I am trying to find a function "f" such that: \begin{align}{ \int_{a}^{a+b} \sqrt{(\frac{d}{dt}(x(f(t))))^2+(\frac{d}{dt}(y(f(t))))^2 } \,dt}=B \hspace{3cm}a,b,B\in{\mathbb{R}}\end{align} This is easy for linear functions because the derivatives are constant. I have no idea how to prove how to do it generally. Is there a proof of a way to find the function "f"? I have tried expanding b into the integral of one. \begin{align}\int_{a}^{a+b}\frac{B}{b}dt=B \end{align}I have tried integrating but the integrals always has “f” multiplied by an irreducible function.\begin{align}{ \sqrt{(\frac{d}{dt}(x(f(t))))^2+(\frac{d}{dt}(y(f(t))))^2 } }=1 \end{align}\begin{align}{ (\frac{d}{dt}(x(f(t))))^2+(\frac{d}{dt}(y(f(t))))^2 }=1 \end{align}\begin{align}{ -\sqrt{(\frac{d}{dt}(x(f(t))))^2+(\frac{d}{dt}(y(f(t))))^2 } }\neq1 \end{align} From there I have tried using indefinite integrals but, It just introduces unknowns. I have also tried integrating on the interval [0,t] but it quickly becomes unintegrable because the integrand ends up having the following integral:\begin{align}\int_{f^{-1}(f^{-1}(y^{-1}(0)))}^{f^{-1}(t)}f(t)f^{-1}(t)dt\end{align}The most promising solution is inverting the line integral from [a,t] for f(t)=t.

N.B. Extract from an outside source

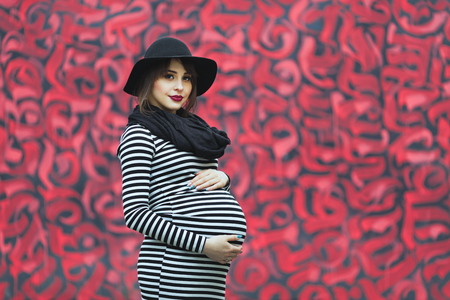 Pregnant woman near colorful wallの写真素材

The result has no elementary inverse but, I can use root finding methods then concatenate over the lines from a to t to create a piecewise equation that is a discrete version of r(f(t)) where r(t)=(x(t),y(t)).Then I can shorten the lengths to find a better approximation. The trouble is proving that it works. \begin{align}\end{align}Edit: This question is about the reparameterization of parametric functions (in t) such that the change in t equals the change in arclength. The question is how to calculate that reparameterization and a proof that it works.

Answer 1

A couple of suggestions …

If you’re working with polynomial (i.e. Bézier) curves, they have a subset called Pythagorean Hodograph curves — the cool kids call them PH curves. On a PH curve, the troublesome square root goes away and the norm of the first derivative vector is a polynomial function. So, it’s easy to integrate to get arclength. Not quite what you were asking, but related, I think. Rida Farouki wrote an entire book about PH curves, if you’re interested.

More generally, presumably you can calculate a few values of $t$ and $s$, and do some simple curve fitting that gives you (approximately) $t$ as a function of $s$, or vice versa.

You asked for a proof that this works. If you do the reparameterisation curve fitting using polynomials, then the Stone-Weierstrass theorem tells you that the approximation can be made as good as you like.